Las
horas ya, de números vestidas.
Don
Luis de Góngora y Argote
El exquisito Federico García Lorca, solo ante una audiencia hostil por su incapacidad de comprensión, por su ceguera ante fenómenos que estallaban de evidentes, dictó una conferencia a la que llamó «La imagen poética de don Luis de Góngora». Siendo Lorca un aventajado miembro de la generación del 27, este hecho no debería sorprendernos. Sabemos que esta generación de poetas profesores (como se la llamó posteriormente) tuvo, entre otros logros, el de reivindicar al autor de las «Soledades» a la luz de las tendencias poéticas modernas, como la poesía pura y la impura o poesía vanguardista. Los trabajos de Dámaso Alonso, Jorge Guillén y Pedro Salinas son ejemplos palmarios de esto. Nunca la crítica estuvo tan aguda a la hora del análisis, nunca tan esclarecedora.
El
año 1927 fue el año del tercer centenario de la muerte de Góngora,
y esta generación se ocupó de homenajearlo con la altura merecida.

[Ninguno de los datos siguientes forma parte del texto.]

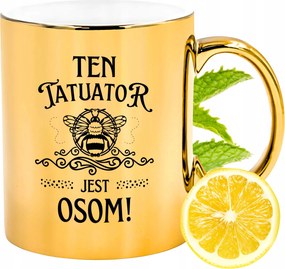 Prémium Arany Csillogó Bögre Tetováló Ajándék Nyomtatott Fotóval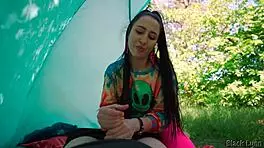 ecstasy surges as slutty hippie jerks huge cock free in forest tent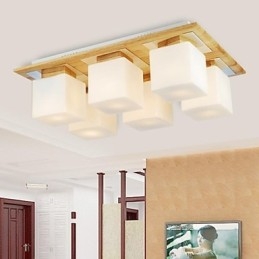 Lampa sufitowa dębowa sześć świateł dąb i szkło 220~240V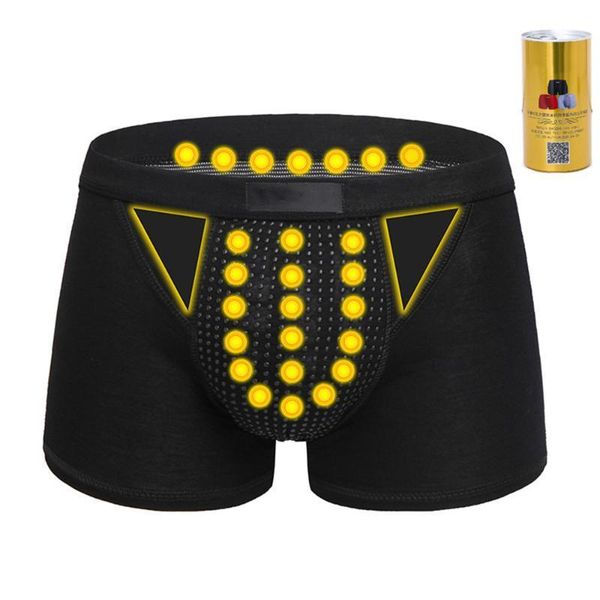 

3 color men's underwear underpants physiotherapy health magnet underwear cotton magnetic boxer shorts1, Black;white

Pero regresemos a nuestro inmortal Federico y a su conferencia,
aquella que inauguró este caprichoso opúsculo. Lorca tuvo la cabal
percepción de la revolución gongorina, revolución consistente en
tratar líricamente la materia narrativa y en la búsqueda de la
palabra nueva y duradera, capaz de resistir el desgaste de las
formas, la erosión del estilo. Lorca dice en esa conferencia, y aquí
sí quiero detenerme, lo siguiente: «Hace falta que el siglo XIX
traiga al gran poeta y alucinado profesor Estéfano Mallarmé, que
paseó por la Rue de Rome su lirismo abstracto sin segundo. Hasta
entonces no tuvo Góngora su mejor discípulo».
El
Góngora culterano ha sido considerado en España (y lo sigue
considerando así un grueso núcleo de opinión) como un monstruo de
vicios gramaticales cuya poesía carece de los elementos
fundamentales para ser bella. Misma fue la suerte de Mallarmé en la
Francia del siglo XIX.
Charles Maurras, por ejemplo, poseedor de un brillante espíritu
cartesiano, escribió: «No hay inconveniente en que Mallarmé
escriba páginas oscuras, aunque resulta, sí, deplorable que sus
oscuridades, una vez descifradas, no muestren nada que merezca el
esfuerzo». Otros, que aceptaban no ser tan perspicaces como el señor
Maurras, directamente lo descartaron por incomprensible. Mallarmé,
está claro, quiso seguir el simbolismo de Baudelaire, pero luego su
simbolismo fue dejando el campo de las sensaciones para preferir el
del intelecto. El símbolo, como sabemos, es la figura del discurso
que consiste en expresar un concepto abstracto por medio de un objeto
concreto. En tal caso, descifrar el símbolo es aclarar el sentido;
pero cuando la simbología expresa ideas no compartidas la tarea de
interpretarla es ciertamente más ardua. El autor de «La siesta de
un fauno», al apartar el simbolismo de lo que es experiencia
sensorial, para aplicarlo a un platónico sistema de esencias no
objetivas, borró, en buena medida y para siempre, las huellas que
conducen a su decodificación.
Las
similitudes entre Góngora y Mallarmé, arbitrarias si se quiere,
estriban en la conexión implícita que existe entre los postulados
estéticos del barroco y las grandes corrientes de la poesía
moderna. Si bien ambos amaban los mismos cisnes, espejos, luces
duras, cabelleras femeninas y tenían el idéntico temblor fijo del
que ve, extasiado, una realidad no comunicable, Góngora poseía una
riqueza verbal que Mallarmé desconocía. La orfebrería, tanto de la
obra del uno como del otro, sugiere un impulso creador de dimensiones
faraónicas y de lógicas reñidas con la razón, pero amparadas en
lo poético: en la imagen, el símbolo y la metáfora.
Para
concluir este artículo, no sería inadecuado recordar a Paul Valéry,
digno seguidor de Mallarmé, quien en una de sus conferencias (ay,
esos tiempos en los que todos los poetas daban conferencias) cuenta
algo tan curioso como ilustrativo:
Degas
en ocasiones hacía versos y ha dejado algunos deliciosos. Pero con
frecuencia encontraba grandes dificultades en ese trabajo accesorio
de su pintura. Dijo un día a Mallarmé: «Su oficio es infernal. No
consigo hacer lo que quiero y sin embargo estoy lleno de ideas...».
Y Mallarmé le respondió: «No es con ideas, mi querido Degas, con
lo que se hacen los versos. Es con palabras».